The two, who are answering three counts of conspiracy to commit a misdemeanour, unauthorised use of land and criminal trespass, were arrested in connection with an incident that happened on September 1 2016 at Conforzi Tea Estate where hundreds of villagers invaded the estate and started sharing land for permanent settlement and cultivation. They claimed bonafide ownership of the land.
Senior resident magistrate Thokozani Soko has since given the State and the defence up to October 27 2016 to simultaneously make their submissions of summaries of the case for judgement.
Earlier in the day, the court paraded Ganizani Nkhoma as court witness to give a brief history of Conforzi Tea Estate.
Nkhoma told the court that his grandparents told him that I.Conforzi, which sold the estate to Conforzi Plantations Limited, the current owners of the estate, never found any settlement on the land when it bought it in 1907.

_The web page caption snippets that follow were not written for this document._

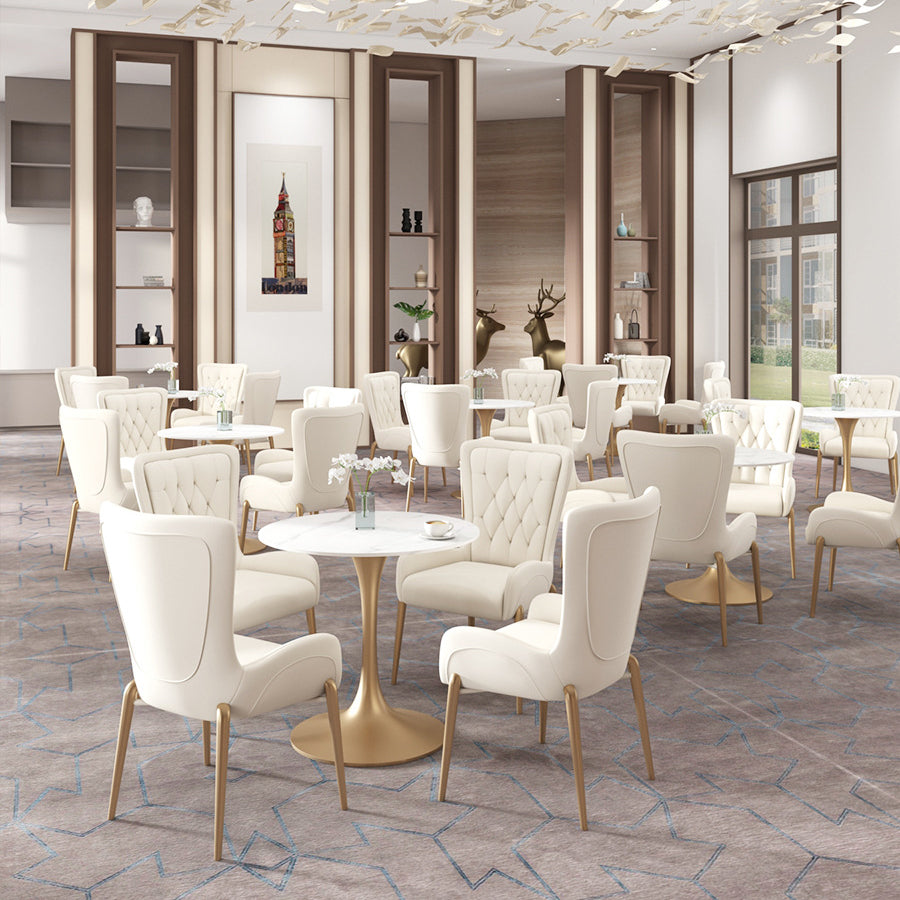 Moderne 1/5 Stücke Essberg runden Stein Esstisch für Esszimmercafé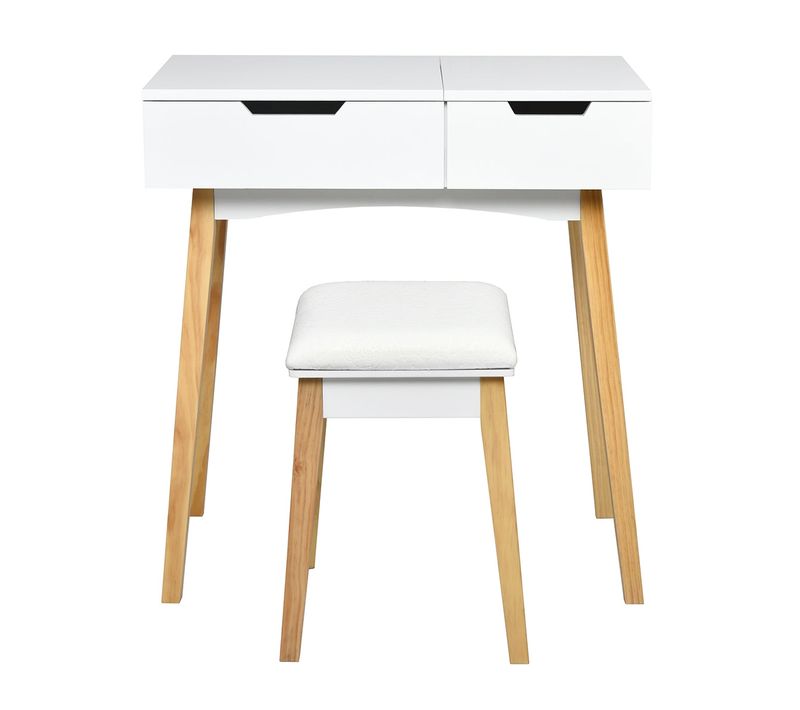 Coiffeuse Table De Maquillage Avec Miroir Rabattable 74 X 40 X 115 Cm Rangement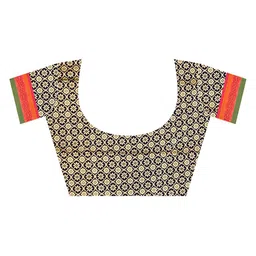 Sangria Abstract Block Print Saree image 5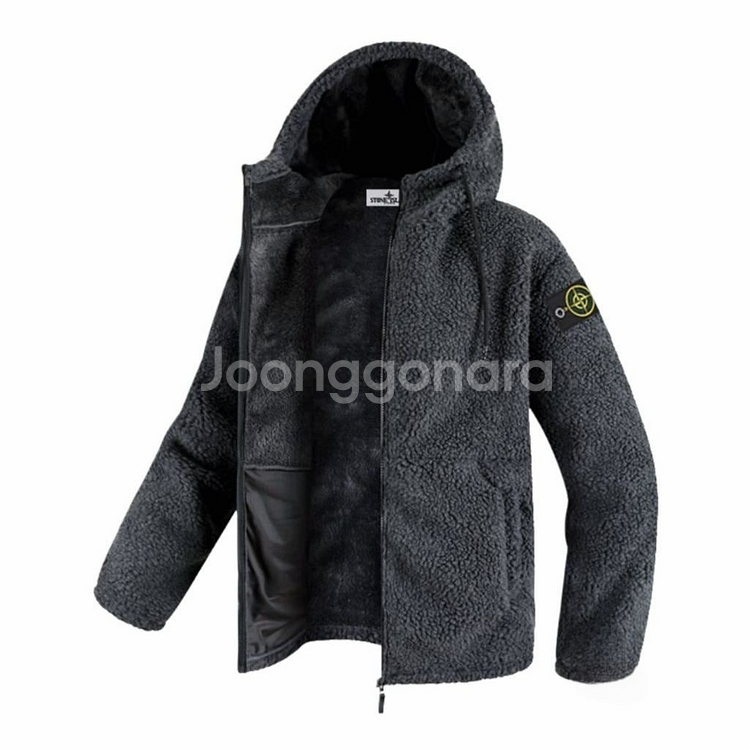 스톤 양털 보아 후드집업--4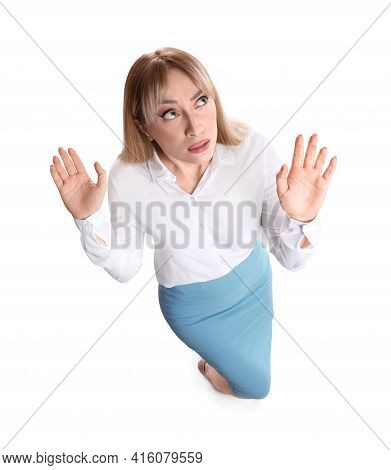 Young Woman Evading Something On White Background, Above View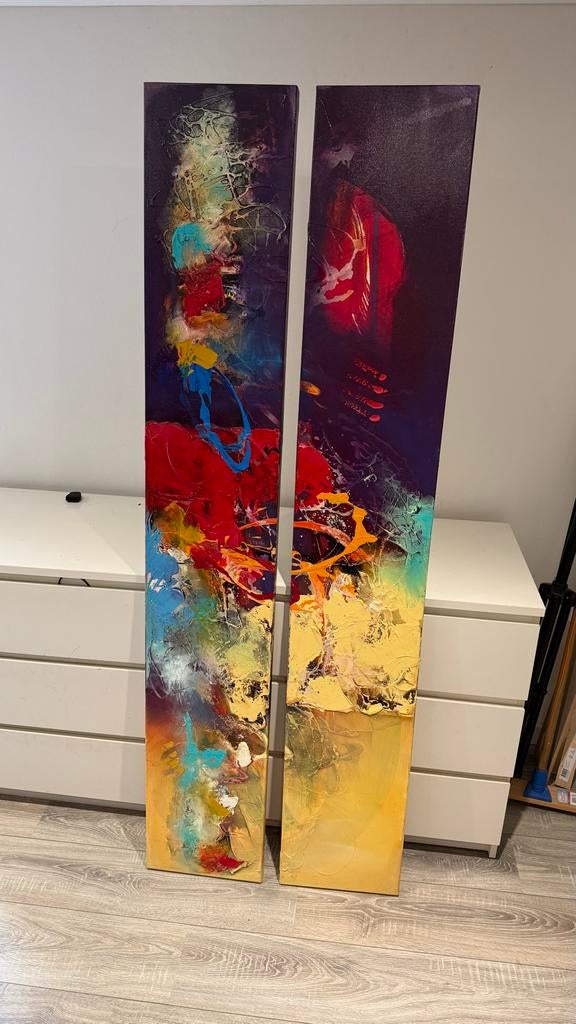 Schilderij (tweeluik) van William Malucu, Antiek en Kunst, Kunst | Schilderijen | Modern, Ophalen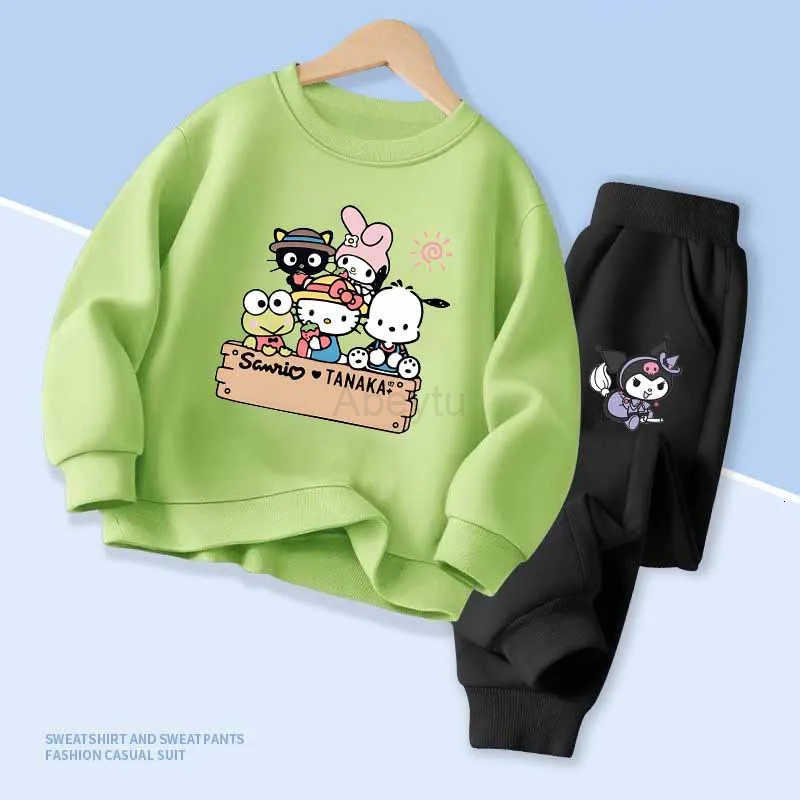 Sanrio Spring Autumn Childrens Colthes Sets Cartoon Family Print Girls Pullover Tops and Pants 2pcs Breathable Thin Kids Clothes H251216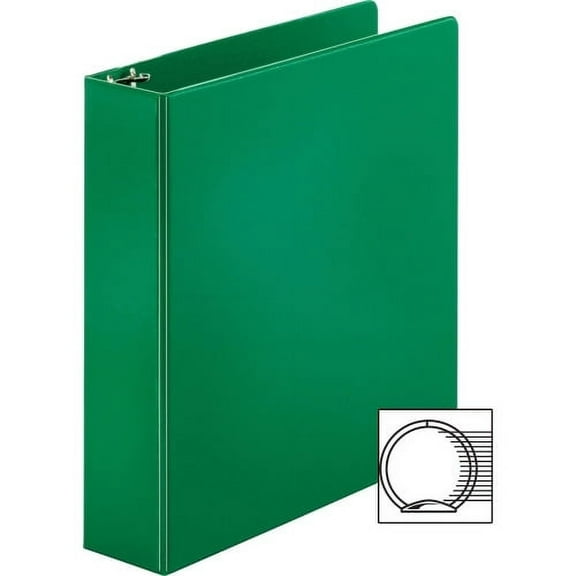 Biness Source Basic Round-ring Binder 2" Binder Capacity - Letter - 8 1/2" x 11" Sheet Size - 3 x Round Ring Fastener(s) - Vinyl - Green - Open and Closed Triggers - 1 Each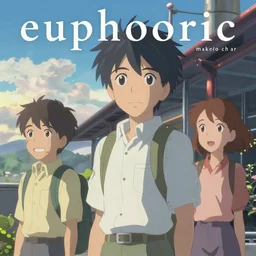 euphoric art music album cover, makoto shinkai, ilya kuvshinov, lois van baarle, rossdraws | afrofuturism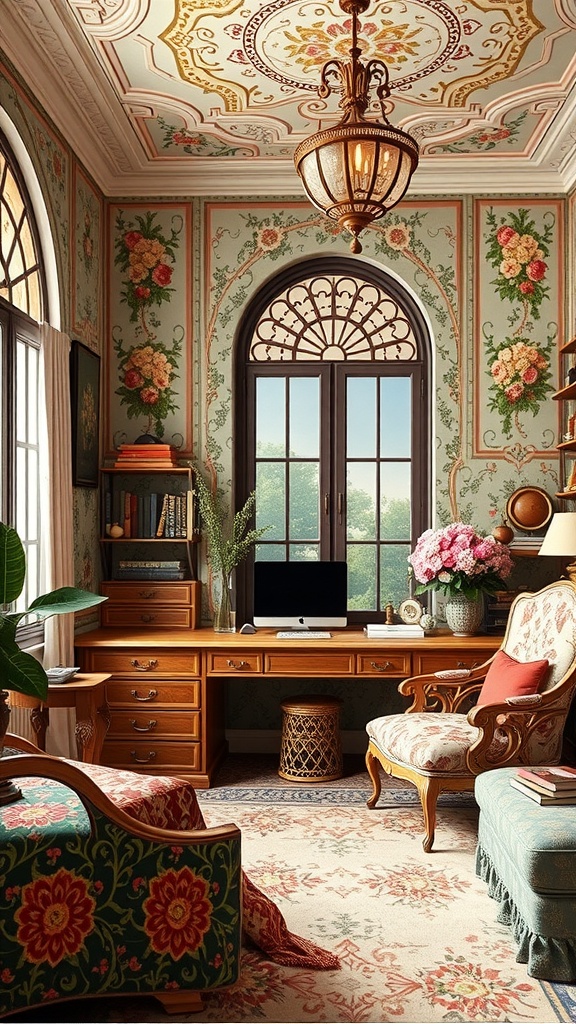 A beautifully decorated home office featuring floral motifs on the walls and ceiling, with a wooden desk and cozy seating.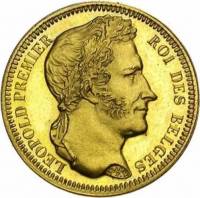 (№1834km23.2A(A23.2)) Монета Бельгия 1834 год 20 Francs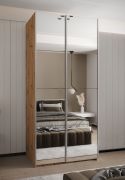 Armadio ad ante scorrevoli "Tampa", color rovere Artisan, 2 ante scorrevoli, 6 scomparti, 2 barre appendiabiti, 2 specchi, Sistema "Soft-Close", bordi in ABS, 245,5 x 110 x 64 cm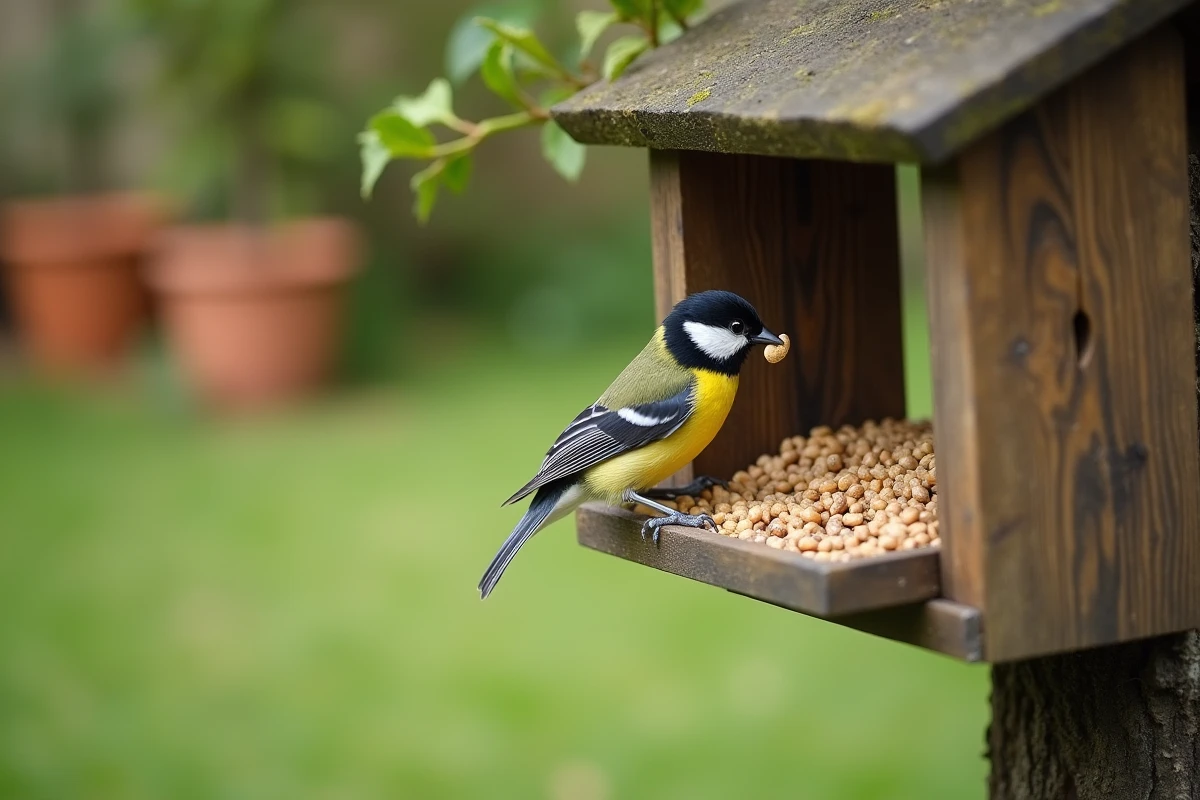Mésange charbonnière se nourrissant à une mangeoire en bois suspendue dans un jardin, plumage jaune et noir net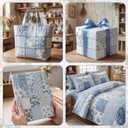 100 x Tudomro 100 Pcs Blue Floral Fabric Squares Bundles 10 x 10 Inch Cotton Hydrangea Quilting Fabric Blue Spring Flower Fat Quarters Printed Cloth Quilt Patchwork Material for Sewing DIY Crafts Supplies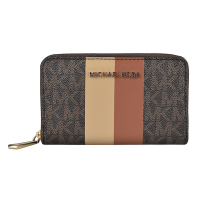 MK MICHAEL KORS 金屬LOGO緹花條紋設計PVC拉鏈零錢包(棕褐x奶茶x橡子棕)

He also told the court that village heads from areas surrounding the estate control all five graveyards found in the estate.
However, defence lawyer Michael Goba Chipeta objected to Nkhoma’s testimony regarding the history of the land, saying it was based on hearsay as he was not there and had no details of how white settlers acquired the land from indigenous people.
Chipeta further said the defence argument is based on Section 8 of the Penal Code which is clear on bona fide claim of rights.
The section states that a person is not criminally responsible in respect of an offence relating to property if the act done or omitted to be done by him with respect to property was done in the exercise of an honest claim of right and without intentions to defraud.
About eight witnesses from both the State and defence sides have been paraded in the court since the beginning of the case on September 5.
Twenty accused persons in the case were given suspended sentences after they were convicted on their own plea of guilty.